No one wants to see the season gone, but if it were to happen, the Thunder would be one of the least affected teams. The only true free agents would be Nate Robinson and Nazr Mohammed, and both of them are pretty expendable should they decide to leave. Russell Westbrook will be a restricted free agent, but the team would be insane not to pay him at or near the maximum salary, and he should be on board for at least a couple more years. The only potential fear for 2012 would probably be how well the players stay in shape over the long off-season. Nobody wants to see a repeat of what happened to Shawn Kemp. But, Russell Westbrook has a house that consists entirely of Ozarka Water, so as long as the team parties there, we should be okay.
But the team's real concern should be the 2013-2014 season. At the point, we'll have to re-sign both James Harden and Serge Ibaka, and we really don't have the money to sign both to what their market value will be. Durant's "Thunder U" concept may be appealing to some, but money talks.
4. If you could make one change the NBA's new CBA, what would it be?
(Question Below Answered by the Illustrious J.A. Sherman, who also contributes to this blog.)
If I may summon the ghost of Colonel Slade and take a flamethrower to the current NBA to make it both more financially viable and more competitive, there is one broad brush stroke that I would use to do both – the hard salary cap.

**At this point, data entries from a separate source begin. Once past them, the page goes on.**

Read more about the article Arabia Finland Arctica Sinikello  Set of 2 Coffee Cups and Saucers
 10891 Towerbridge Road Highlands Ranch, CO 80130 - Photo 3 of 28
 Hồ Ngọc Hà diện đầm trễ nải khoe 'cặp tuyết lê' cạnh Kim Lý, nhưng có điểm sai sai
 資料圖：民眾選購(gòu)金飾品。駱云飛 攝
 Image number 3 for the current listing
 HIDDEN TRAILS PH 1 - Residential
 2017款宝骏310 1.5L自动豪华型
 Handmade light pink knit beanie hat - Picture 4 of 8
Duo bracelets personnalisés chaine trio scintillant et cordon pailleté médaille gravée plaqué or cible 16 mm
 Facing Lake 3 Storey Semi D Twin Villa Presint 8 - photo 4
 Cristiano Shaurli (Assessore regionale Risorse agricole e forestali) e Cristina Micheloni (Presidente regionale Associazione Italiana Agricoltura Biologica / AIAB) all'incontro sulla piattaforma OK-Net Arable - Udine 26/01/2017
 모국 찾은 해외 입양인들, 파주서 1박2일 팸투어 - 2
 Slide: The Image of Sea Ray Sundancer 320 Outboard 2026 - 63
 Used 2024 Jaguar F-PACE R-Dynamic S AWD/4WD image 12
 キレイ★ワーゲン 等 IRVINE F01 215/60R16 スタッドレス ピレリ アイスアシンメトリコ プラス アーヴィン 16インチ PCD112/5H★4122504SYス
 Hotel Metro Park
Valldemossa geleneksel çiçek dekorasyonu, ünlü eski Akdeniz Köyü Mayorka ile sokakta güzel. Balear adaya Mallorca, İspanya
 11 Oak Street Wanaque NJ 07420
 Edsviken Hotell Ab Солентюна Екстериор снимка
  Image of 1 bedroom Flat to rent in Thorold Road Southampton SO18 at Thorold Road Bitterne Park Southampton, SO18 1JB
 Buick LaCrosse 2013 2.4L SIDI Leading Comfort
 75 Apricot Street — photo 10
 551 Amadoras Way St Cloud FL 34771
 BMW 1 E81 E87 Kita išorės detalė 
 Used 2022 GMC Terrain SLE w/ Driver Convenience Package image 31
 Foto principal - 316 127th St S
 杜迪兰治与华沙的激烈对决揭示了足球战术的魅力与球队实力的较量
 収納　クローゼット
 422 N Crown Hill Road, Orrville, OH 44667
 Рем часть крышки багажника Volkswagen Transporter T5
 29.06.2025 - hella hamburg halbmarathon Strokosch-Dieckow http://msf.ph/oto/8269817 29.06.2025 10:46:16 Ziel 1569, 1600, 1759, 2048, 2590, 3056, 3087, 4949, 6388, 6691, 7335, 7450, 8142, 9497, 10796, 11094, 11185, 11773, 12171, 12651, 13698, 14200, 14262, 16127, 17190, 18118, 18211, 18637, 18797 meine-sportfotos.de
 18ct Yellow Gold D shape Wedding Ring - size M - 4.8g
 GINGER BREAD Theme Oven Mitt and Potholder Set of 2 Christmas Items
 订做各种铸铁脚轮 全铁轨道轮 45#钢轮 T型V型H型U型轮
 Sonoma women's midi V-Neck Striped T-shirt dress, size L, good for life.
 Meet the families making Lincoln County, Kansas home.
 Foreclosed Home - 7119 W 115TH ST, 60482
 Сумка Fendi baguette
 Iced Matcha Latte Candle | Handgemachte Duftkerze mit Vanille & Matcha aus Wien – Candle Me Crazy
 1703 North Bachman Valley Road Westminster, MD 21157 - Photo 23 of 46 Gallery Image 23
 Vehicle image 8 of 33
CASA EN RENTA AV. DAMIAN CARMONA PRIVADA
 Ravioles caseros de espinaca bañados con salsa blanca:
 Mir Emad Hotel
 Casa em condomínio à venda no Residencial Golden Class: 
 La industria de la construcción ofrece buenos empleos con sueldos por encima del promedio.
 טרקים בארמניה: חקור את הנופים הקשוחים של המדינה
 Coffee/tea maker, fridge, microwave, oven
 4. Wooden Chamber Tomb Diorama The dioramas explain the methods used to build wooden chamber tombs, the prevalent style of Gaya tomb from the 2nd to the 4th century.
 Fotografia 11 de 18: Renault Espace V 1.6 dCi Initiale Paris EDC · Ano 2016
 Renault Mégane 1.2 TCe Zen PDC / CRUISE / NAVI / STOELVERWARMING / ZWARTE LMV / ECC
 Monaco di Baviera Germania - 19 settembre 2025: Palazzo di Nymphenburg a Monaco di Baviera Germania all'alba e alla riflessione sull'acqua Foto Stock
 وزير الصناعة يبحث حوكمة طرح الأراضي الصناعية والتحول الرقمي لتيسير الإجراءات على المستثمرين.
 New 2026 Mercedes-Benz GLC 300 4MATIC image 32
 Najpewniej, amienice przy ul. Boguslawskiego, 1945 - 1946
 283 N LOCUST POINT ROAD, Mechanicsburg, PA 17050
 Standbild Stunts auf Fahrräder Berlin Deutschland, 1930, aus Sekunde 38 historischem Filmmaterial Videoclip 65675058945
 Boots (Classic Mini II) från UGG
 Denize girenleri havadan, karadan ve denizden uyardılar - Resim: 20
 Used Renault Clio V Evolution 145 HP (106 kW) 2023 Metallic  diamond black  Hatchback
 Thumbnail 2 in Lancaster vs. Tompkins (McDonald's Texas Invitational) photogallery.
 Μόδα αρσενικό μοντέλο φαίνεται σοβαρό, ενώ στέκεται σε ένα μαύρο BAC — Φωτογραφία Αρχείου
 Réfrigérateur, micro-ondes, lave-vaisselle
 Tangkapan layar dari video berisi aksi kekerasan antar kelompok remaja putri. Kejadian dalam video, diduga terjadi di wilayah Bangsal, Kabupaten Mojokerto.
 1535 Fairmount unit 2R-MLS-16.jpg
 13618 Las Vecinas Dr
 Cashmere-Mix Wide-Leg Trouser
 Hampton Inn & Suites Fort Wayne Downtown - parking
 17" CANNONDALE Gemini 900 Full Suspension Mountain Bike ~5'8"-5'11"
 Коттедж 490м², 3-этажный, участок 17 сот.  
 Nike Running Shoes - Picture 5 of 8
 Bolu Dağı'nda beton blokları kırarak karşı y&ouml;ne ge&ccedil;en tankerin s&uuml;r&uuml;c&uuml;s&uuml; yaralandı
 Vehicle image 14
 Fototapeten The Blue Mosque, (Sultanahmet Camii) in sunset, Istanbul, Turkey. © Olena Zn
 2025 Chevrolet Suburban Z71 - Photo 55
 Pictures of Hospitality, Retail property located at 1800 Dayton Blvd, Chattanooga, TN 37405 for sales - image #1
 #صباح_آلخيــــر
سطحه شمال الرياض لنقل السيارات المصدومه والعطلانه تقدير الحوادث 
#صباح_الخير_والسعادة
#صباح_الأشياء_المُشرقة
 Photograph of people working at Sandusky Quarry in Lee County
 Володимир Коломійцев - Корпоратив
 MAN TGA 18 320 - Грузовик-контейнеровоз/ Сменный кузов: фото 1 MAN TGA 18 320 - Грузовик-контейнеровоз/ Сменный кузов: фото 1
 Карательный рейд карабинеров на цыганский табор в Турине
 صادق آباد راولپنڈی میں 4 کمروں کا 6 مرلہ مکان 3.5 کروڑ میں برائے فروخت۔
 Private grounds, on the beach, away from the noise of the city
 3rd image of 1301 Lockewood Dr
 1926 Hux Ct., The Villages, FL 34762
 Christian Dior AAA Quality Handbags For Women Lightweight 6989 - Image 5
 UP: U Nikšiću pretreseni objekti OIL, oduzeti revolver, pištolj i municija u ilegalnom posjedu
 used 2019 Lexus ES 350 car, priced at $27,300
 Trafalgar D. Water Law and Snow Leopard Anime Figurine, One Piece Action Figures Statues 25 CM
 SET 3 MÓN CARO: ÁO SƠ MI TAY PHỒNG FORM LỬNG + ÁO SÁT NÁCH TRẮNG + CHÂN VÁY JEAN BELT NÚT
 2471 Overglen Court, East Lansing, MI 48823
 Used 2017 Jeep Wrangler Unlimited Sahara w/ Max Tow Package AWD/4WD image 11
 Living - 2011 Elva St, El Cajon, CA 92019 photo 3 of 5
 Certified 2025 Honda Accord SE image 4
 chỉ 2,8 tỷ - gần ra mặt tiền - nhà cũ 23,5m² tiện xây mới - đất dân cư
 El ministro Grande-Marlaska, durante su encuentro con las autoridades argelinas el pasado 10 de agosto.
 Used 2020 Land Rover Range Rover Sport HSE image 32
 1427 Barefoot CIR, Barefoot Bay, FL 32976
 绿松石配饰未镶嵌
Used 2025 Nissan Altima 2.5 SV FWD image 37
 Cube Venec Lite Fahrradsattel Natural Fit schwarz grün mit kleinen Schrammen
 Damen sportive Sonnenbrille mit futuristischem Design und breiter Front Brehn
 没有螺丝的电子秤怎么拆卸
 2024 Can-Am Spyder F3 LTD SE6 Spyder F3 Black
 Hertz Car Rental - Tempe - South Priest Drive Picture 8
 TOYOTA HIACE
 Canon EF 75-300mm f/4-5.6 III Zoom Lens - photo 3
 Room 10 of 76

What do we the consumers really want from our NBA? What I think we truly want is for each NBA event to matter in a way that validates the amount of time, resources, and passion we put into it. We want games that are competitive. Los Angeles and New York will always have financial advantages that Indiana and Charlotte do not, and no matter how drastic the soft cap luxury tax penalties might be, those franchises will simply use those additional financial advantages to absorb the cost and retain a competitive advantage. A soft cap conflates the economic advantage with the competitive advantage; the hard cap bifurcates the two. Under a hard cap system, while Team A may still be able to make more money than Team B, the system means that Team A will only succeed on the court by making prudent basketball decisions, just like Team B. Operating costs will be more restrained, overall competition will rise, and with a better product to offer, demand for the NBA as a whole will increase as well.
In the event that a hard cap is unrealistic, as a second notion I would just fight to have Baron "Woodsman" Davis present at every NBPA press conference, because then at least I’d have something to smile about.
5. How far do the Thunder go in Year 4? (Whether that be this year or next.)
At some point, every team hits reality. A star player goes down. Drama hits the locker room. Better teams arise. But I just don't see that coming for the Thunder. Durant and Westbrook have both been extremely durable, and the team is one of the most harmonious I've ever seen. Perk's legal troubles over the summer are things that the Jailblazers would laugh at.
In addition to the stability of the team, the Thunder find themselves in a the middle of a transitioning conference. While the East has some strong contenders who reckon to be around for a long time (Bulls, Heat, and to some extent the Knicks, Hawks, and Magic), the West is wide open. The traditional contenders (Mavericks, Spurs, Lakers) are aging, and the emerging teams (Nuggets, Grizzlies) are teams that the Thunder have proven they can beat. So the NBA Finals is a distinct possibility next season, but whether they can win on such a large stage is another matter entirely.
Yeah, I might be looking at things a bit too optimistically, but that's what hometown blogs are for. Sure, the Thunder might not solve their offensive problem and go down in an early round. Or a new Western contender could emerge in the post-lockout mess. But with things looking the way they are now, this is how I see it playing out.